Summer Jobs for Kids
Now's the time for your teens to learn new skills and earn their own money.

Submitted by ltownsend on June 27, 2022

While, the last few summers have not been ideal for kids, things seem to be moving in the right direction now. It’s time to start thinking about ways to help your children prepare for their future, and that means summer jobs. 

Summer jobs are great for kids because they have the opportunity to learn a new skill, while also earning money and learning the value of a dollar. Having real-life experiences like dealing with a problematic co-worker or answering to a supervisor are great life lessons that they can refer back to when they finally start their careers.  girl at register

Teens will be in high demand this summer due to staffing shortages, so make sure your child finds a summer job that best suits their needs.

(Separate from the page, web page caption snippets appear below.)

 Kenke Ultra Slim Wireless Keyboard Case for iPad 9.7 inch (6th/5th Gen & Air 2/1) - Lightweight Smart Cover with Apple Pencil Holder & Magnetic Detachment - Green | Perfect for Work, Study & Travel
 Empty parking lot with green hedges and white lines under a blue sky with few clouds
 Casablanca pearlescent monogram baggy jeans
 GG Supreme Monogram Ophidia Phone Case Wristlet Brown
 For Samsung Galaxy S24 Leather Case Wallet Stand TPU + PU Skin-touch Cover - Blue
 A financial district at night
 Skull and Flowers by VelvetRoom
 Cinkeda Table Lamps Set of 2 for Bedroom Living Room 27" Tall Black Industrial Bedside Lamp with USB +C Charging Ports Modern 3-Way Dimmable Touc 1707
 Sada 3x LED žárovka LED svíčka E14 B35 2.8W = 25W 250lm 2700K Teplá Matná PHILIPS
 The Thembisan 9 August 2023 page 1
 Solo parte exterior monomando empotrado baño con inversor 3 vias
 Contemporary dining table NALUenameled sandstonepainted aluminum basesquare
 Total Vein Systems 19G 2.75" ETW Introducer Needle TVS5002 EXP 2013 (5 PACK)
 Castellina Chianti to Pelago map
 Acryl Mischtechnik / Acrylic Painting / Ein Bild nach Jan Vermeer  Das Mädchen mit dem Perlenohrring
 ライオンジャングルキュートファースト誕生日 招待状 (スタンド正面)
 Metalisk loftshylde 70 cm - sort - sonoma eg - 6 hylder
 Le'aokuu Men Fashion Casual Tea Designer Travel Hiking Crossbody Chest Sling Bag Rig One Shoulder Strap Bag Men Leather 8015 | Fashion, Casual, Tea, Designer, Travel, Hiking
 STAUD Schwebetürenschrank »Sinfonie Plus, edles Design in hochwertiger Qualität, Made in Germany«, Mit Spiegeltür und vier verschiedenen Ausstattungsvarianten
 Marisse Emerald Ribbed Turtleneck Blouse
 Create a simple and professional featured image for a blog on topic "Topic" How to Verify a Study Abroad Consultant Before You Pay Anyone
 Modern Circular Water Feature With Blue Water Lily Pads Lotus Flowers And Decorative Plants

Restaurants, public pools, and summer camps are just some of the options available for teens to look for work. TeenLife has a comprehensive list of more than 4,000 summer programs available, with interests varying from the arts, sports, nature, academics, leadership, and volunteer opportunities. 

When your child starts earning a paycheck, this is a great way to begin teaching them about how to be financially responsible. It can be so easy at first to spend their paycheck but teaching your children about the value of saving money can have long-lasting effects that can help them be more financially sound in the future. 

To get them started, consider opening a Skyward Aviator’s Crew Savings Account.  With the same high dividend as a regular Skyward share savings account, it won’t be long for them to realize the value of saving as they see their money grow.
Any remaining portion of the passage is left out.